A Primer on the Genetics of Alcohol Metabolism
Ethanol is first metabolized primarily by alcohol dehydrogenase (ADH) into acetaldehyde (Figure 2), a mutagen and animal carcinogen that causes DNA damage and has other cancer-promoting effects [5–7]. Acetaldehyde is subsequently metabolized to acetate, mainly by the enzyme ALDH2 . In East Asian populations there are two main variants of ALDH2, resulting from the replacement of glutamate (Glu) at position 487 with lysine (Lys) . The Glu allele (also designated ALDH2*1) encodes a protein with normal catalytic activity, whereas the Lys allele (ALDH2*2) encodes an inactive protein. As a result, Lys/Lys homozygotes have no detectable ALDH2 activity. Because the Lys allele acts in a semi-dominant manner, ALDH2 Lys/Glu heterozygotes have far less than half of the ALDH2 activity of Glu/Glu homozygotes; in fact, the reduction in ALDH2 activity in heterozygotes is more than 100-fold .
It should be noted that ADH is also polymorphic, and genetic variants in ADH1B interact with the ALDH2 variant to modify risk .

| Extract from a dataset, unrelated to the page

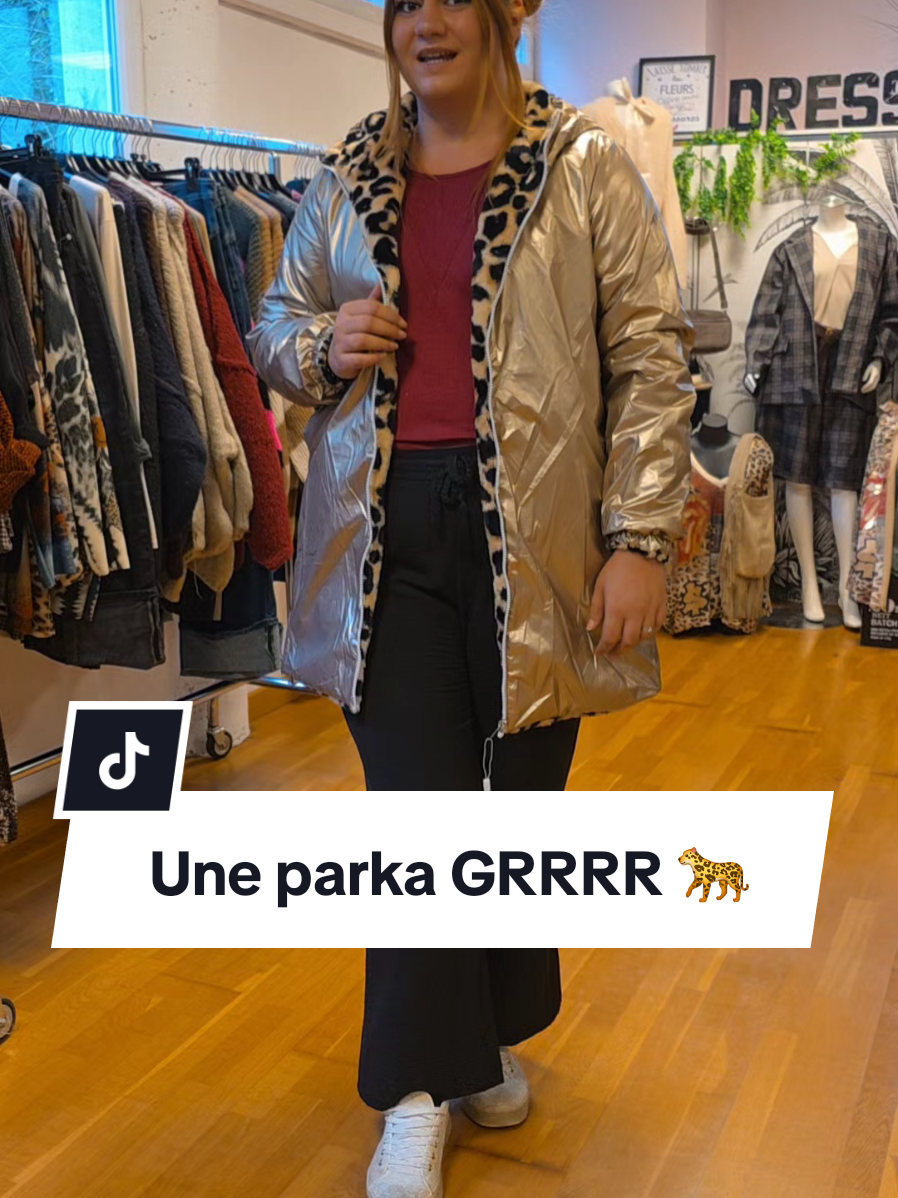 Cette parka réversible dispo en noir et en gold pour les tailles généreuses du 40/42 au 50/52 est à shopper sur nos lives shopping où en nous envoyant un message privé. Une pépite bien chaude et très GRRRR 🐆 #shopping #liveshopping #leopard #tendance #tendanceleopard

Alcohol consumed by ALDH2-deficient individuals is metabolized to acetaldehyde, which accumulates in the body due to absent ALDH2 activity and results in facial flushing (Figure 1), nausea, and tachycardia . These unpleasant effects are the result of diverse actions of acetaldehyde in the body, including histamine release . Because of the intensity of this unpleasant response, ALDH2 Lys/Lys homozygotes are unable to consume significant amounts of alcohol. As a result, they are protected against the increased risk of esophageal cancer from alcohol consumption . This observation also provided evidence for a causative role for ethanol in esophageal cancer, and a key role for acetaldehyde in mediating this effect .

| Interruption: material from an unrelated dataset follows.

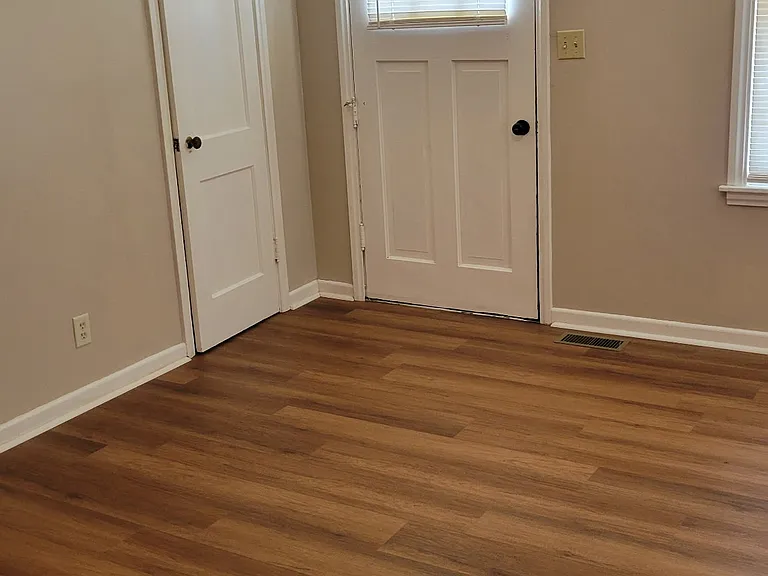 409 S Delaware Ave — Photo 12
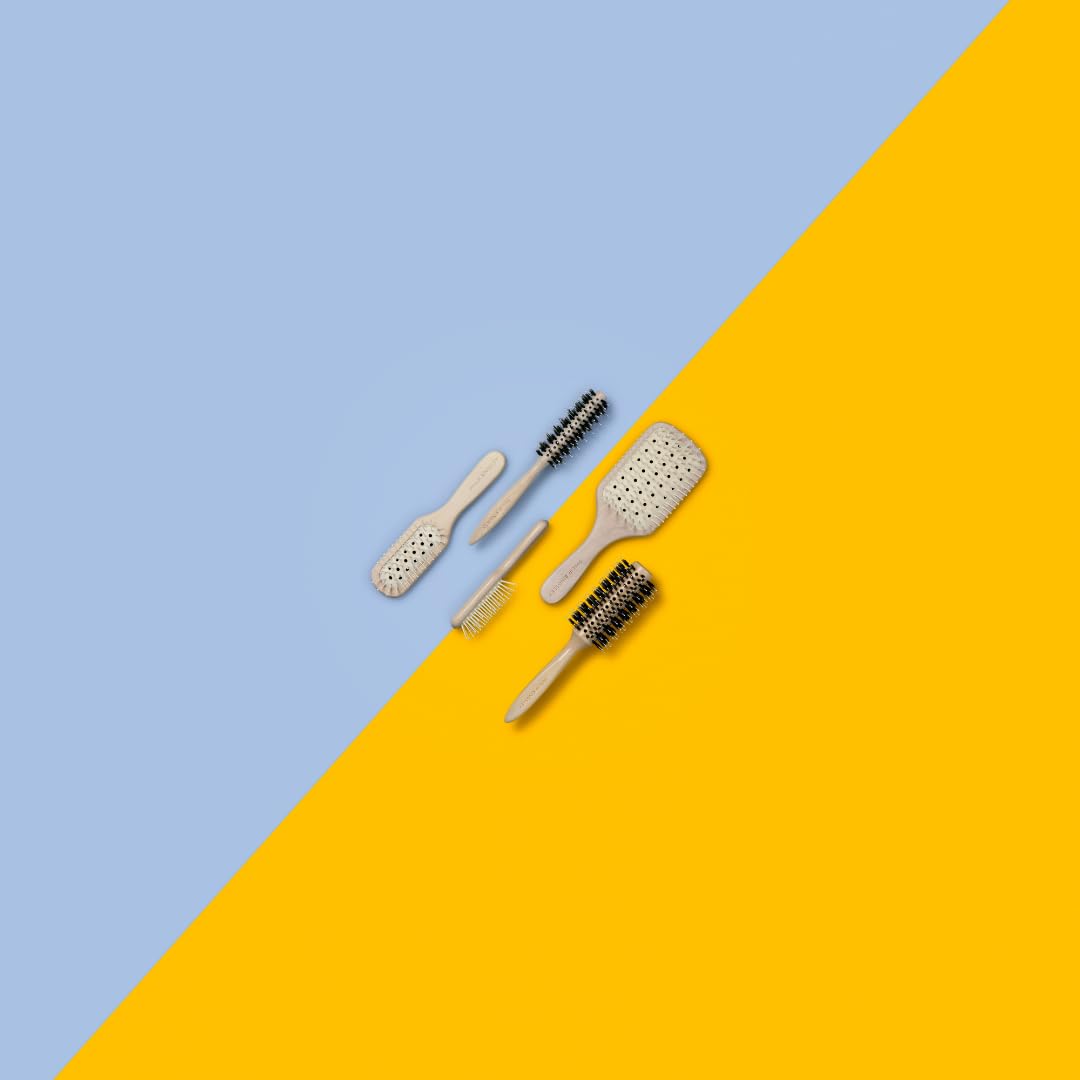 Philip Kingsley vented paddle brush cushioned design provides comfortable styling sessions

ALDH2 Lys/Glu heterozygotes experience a less severe manifestation of the flushing response due to residual but low ALDH2 enzyme activity in their cells. As a result, some are able to develop tolerance to acetaldehyde and the flushing response and become habitual heavy drinkers, due in part to the influence of societal and cultural factors (see below). Therefore, paradoxically, it is the more common low-activity ALDH2 heterozygous genotype that is associated with greatest risk of esophageal cancer from drinking alcohol.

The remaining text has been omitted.